(Beginning of DATA PROVIDED)
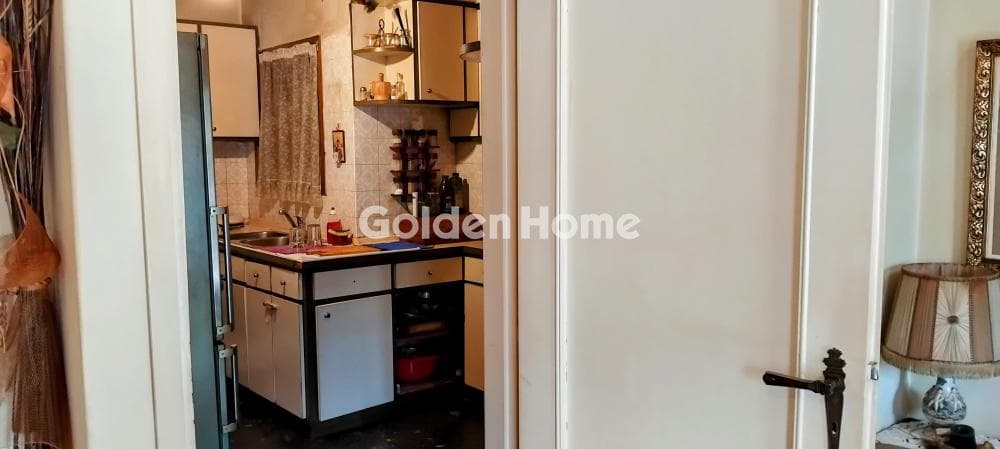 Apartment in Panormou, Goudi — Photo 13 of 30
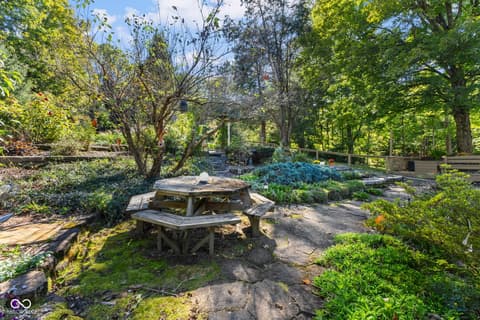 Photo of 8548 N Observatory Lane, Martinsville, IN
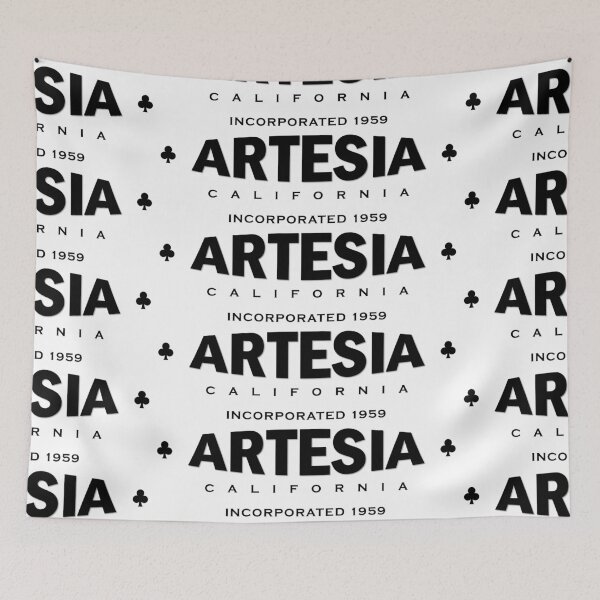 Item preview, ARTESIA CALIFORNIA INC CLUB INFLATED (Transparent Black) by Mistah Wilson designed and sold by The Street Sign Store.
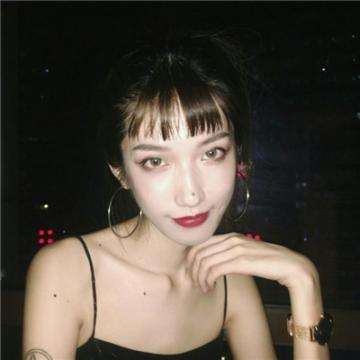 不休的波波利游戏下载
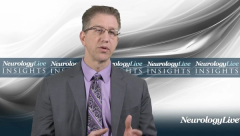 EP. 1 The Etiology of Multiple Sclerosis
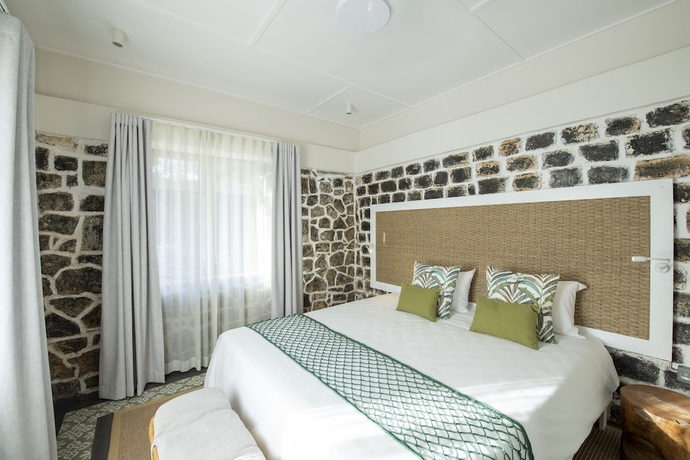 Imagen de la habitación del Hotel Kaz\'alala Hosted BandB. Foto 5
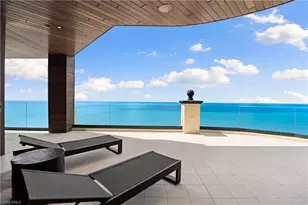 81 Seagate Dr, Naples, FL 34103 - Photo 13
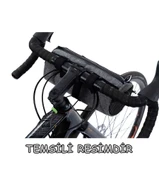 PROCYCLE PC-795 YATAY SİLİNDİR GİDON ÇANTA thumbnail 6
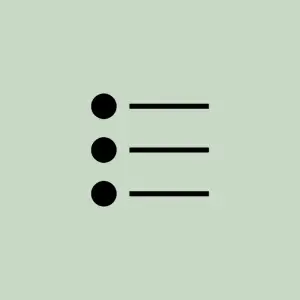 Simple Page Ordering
(End of DATA PROVIDED)
[TASK TO CARRY OUT] Your job is to restate, word for word, only the lines from the one holding "Imagen de la" through the end of the material; pictures stay out.

[REPLY TO THE EXERCISE]
 Imagen de la habitación del Hotel Kaz\'alala Hosted BandB. Foto 5
 81 Seagate Dr, Naples, FL 34103 - Photo 13
 PROCYCLE PC-795 YATAY SİLİNDİR GİDON ÇANTA thumbnail 6
 Simple Page Ordering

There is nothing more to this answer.